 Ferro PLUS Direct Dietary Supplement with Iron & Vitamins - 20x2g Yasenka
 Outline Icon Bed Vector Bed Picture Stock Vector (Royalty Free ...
--
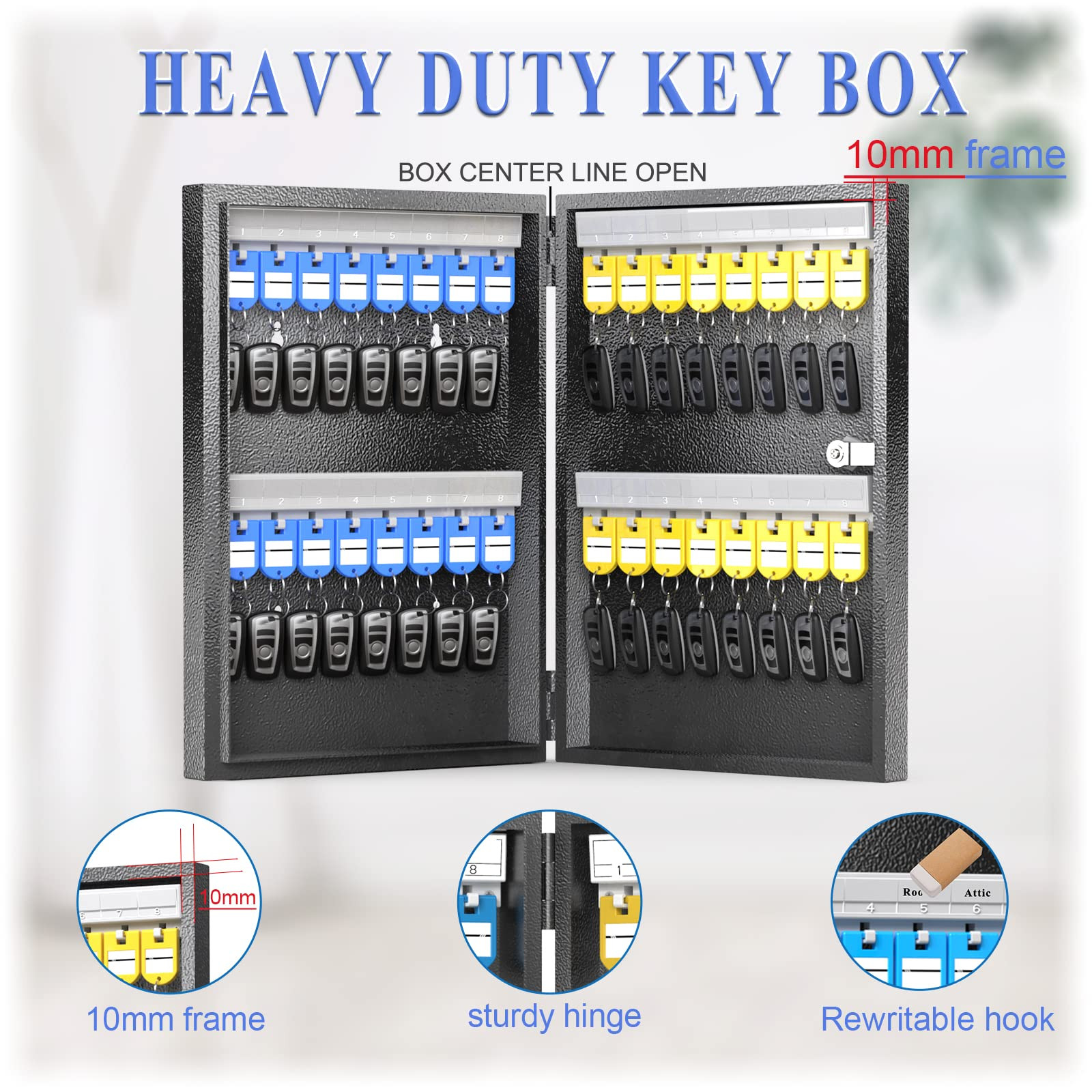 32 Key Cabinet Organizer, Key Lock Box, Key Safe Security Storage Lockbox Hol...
---
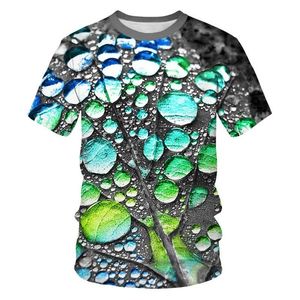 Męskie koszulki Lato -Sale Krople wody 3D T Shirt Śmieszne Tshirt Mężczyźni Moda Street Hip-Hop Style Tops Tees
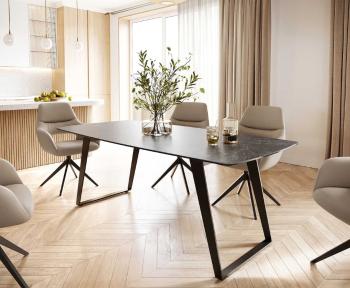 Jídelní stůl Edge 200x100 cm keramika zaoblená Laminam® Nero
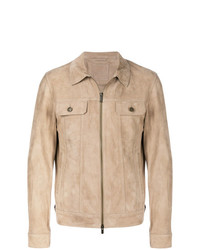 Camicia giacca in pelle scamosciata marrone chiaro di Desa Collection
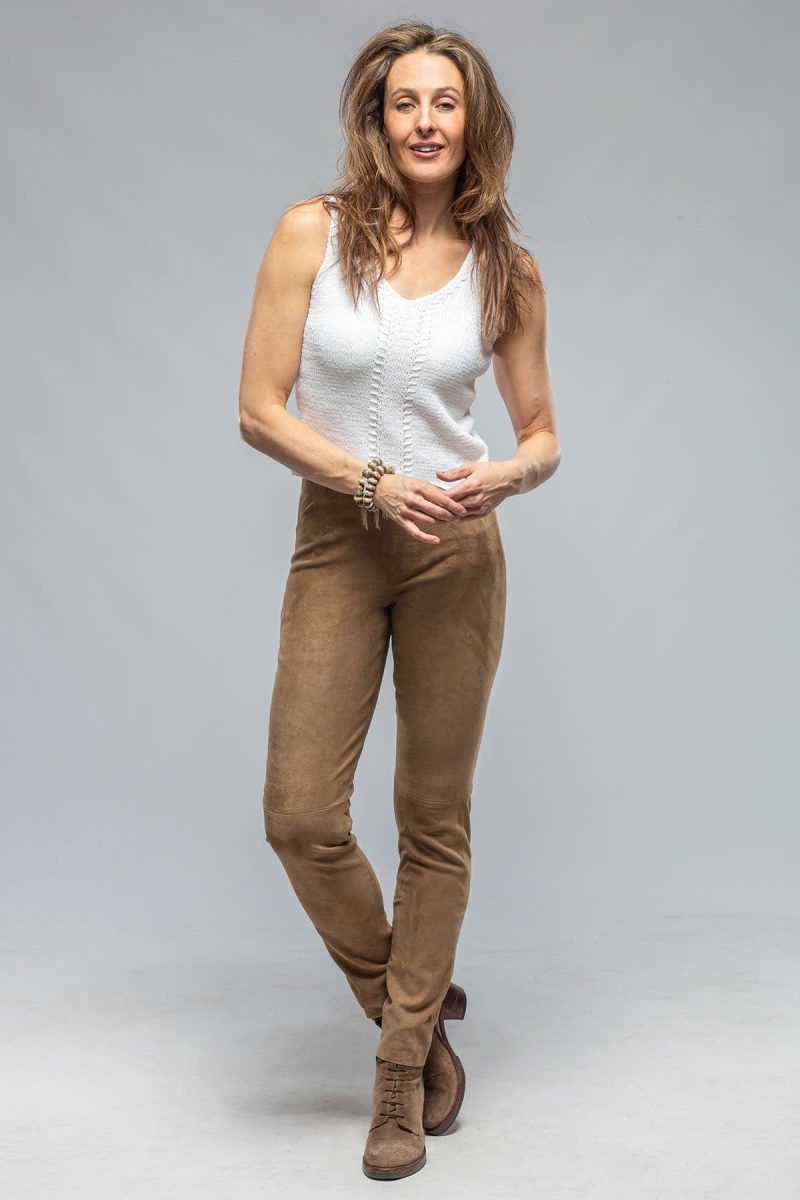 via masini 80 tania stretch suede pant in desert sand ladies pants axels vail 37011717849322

Task to carry out:
Produce an exact reproduction of the listing above, limited to the lines starting at the line with "Camicia giacca in" and ending at the line with "via masini 80", both kept, with every picture left out.

Problem solution:
 Camicia giacca in pelle scamosciata marrone chiaro di Desa Collection
 via masini 80 tania stretch suede pant in desert sand ladies pants axels vail 37011717849322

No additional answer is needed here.